NGUENYYIEL REFUGEE CAMP, Ethiopia: Her feet bare and her hometown in flames, Nyadet walked east alone, eating food given to her by strangers and following trails left by others escaping war in South Sudan.
She is 12 years old.
Nine days after she fled bloodshed in the flashpoint town of Malakal last November, Nyadet reached the country’s border with Ethiopia, and crossed over to safety.
“Maybe they are safe,” is all she can say of her mother, father, sister and two brothers, whom she lost track of when the streets of her hometown transformed into a war zone.
South Sudan’s civil war has raged on for the past three years with such viciousness that parts of the country are bereft of food and a third of the population has fled their homes, but few refugees present as vexing a problem as children like Nyadet who escape the conflict alone.
“They are fleeing definitely life-threatening situations,” said Daniel Abate of aid group Save the Children, which helps reunite lost children with their families.
At the Nguenyyiel refugee camp near Ethiopia’s lush western frontier, boys and girls who crossed the border unaccompanied tell tales of murdered families and childhoods shattered by the unremitting violence in South Sudan.

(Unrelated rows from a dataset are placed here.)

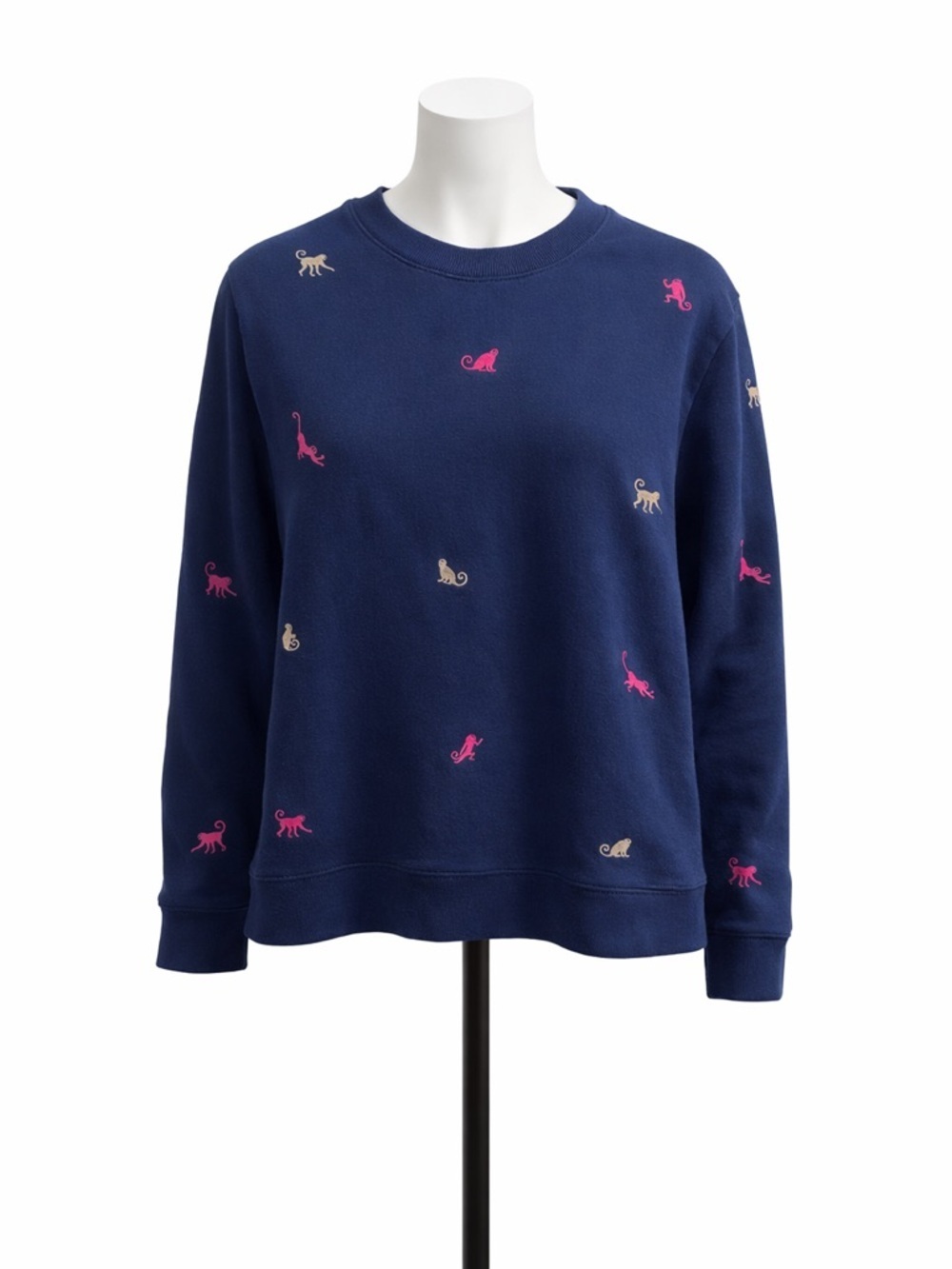 Lilly Pulitzer Ballad Monkey Embroidered Sweatshirt Size L Navy Blue Crewneck🐒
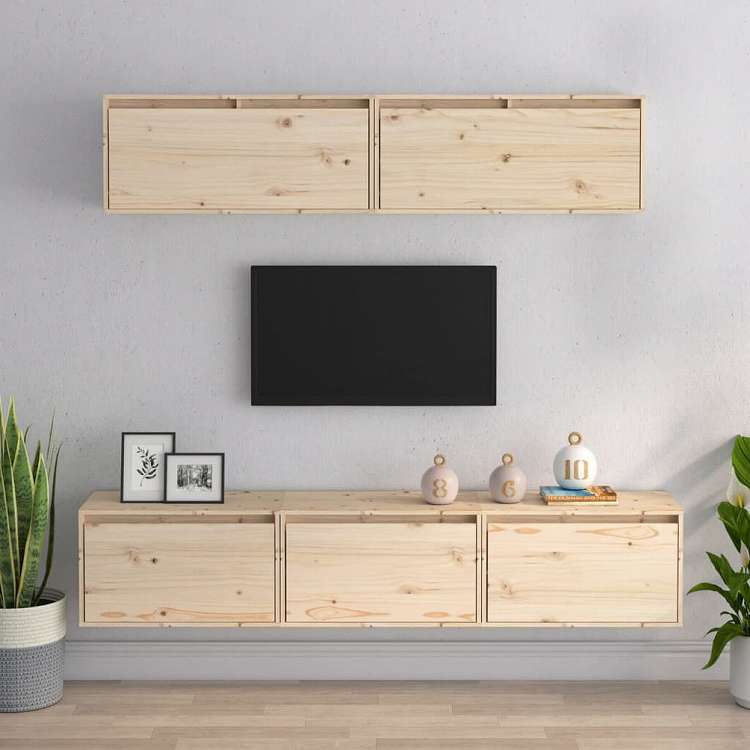 vidaXL 5ピースTVキャビネットセット無垢材パイン家具 AVラック・テレビ台(代引不可)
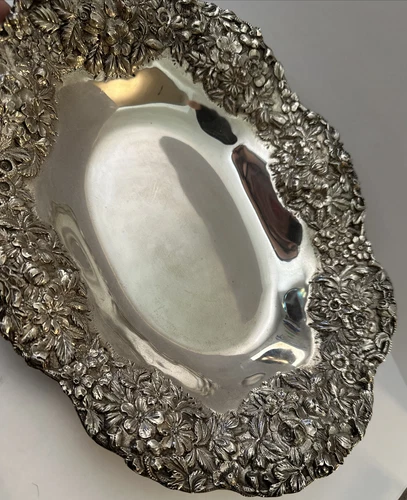 Vintage S. Kirk & Son Repousse Sterling Silver Oval Fruit Dish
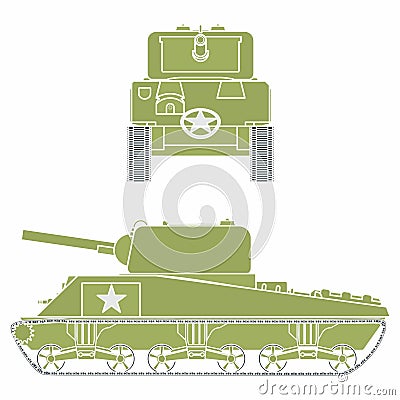 M4 sherman tank. Without outline. Vector Illustration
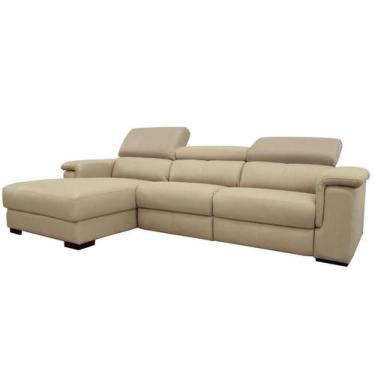 Imagem de Sofá Damon Reclinável 2 Lugares + Chaise Couro Bege 303cm - 69627 - Su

“War happened,” is the description Nyakung, 11, gives for the atrocities she witnessed in the capital Juba, where her mother was left to die inside a blazing hut and three of her brothers were gunned down on a road while running for the safety of a UN base.
Aid agencies are trying to get children like Nyakung back with their families, but humanitarians admit that with the conflict still raging in South Sudan, the odds of these children seeing their loved ones again are slim.
South Sudan’s war, sparked when President Salva Kiir accused his former deputy Riek Machar of plotting a coup in 2013, has been marked by numerous atrocities against civilians despite the presence of thousands of UN peacekeeping troops.
Around 1.8 million South Sudanese have fled the country, making it the fastest growing refugee crisis in the world.
One million of those refugees are children, the UN says, and of that number about 75,000 were either separated from their parents or without any family at all.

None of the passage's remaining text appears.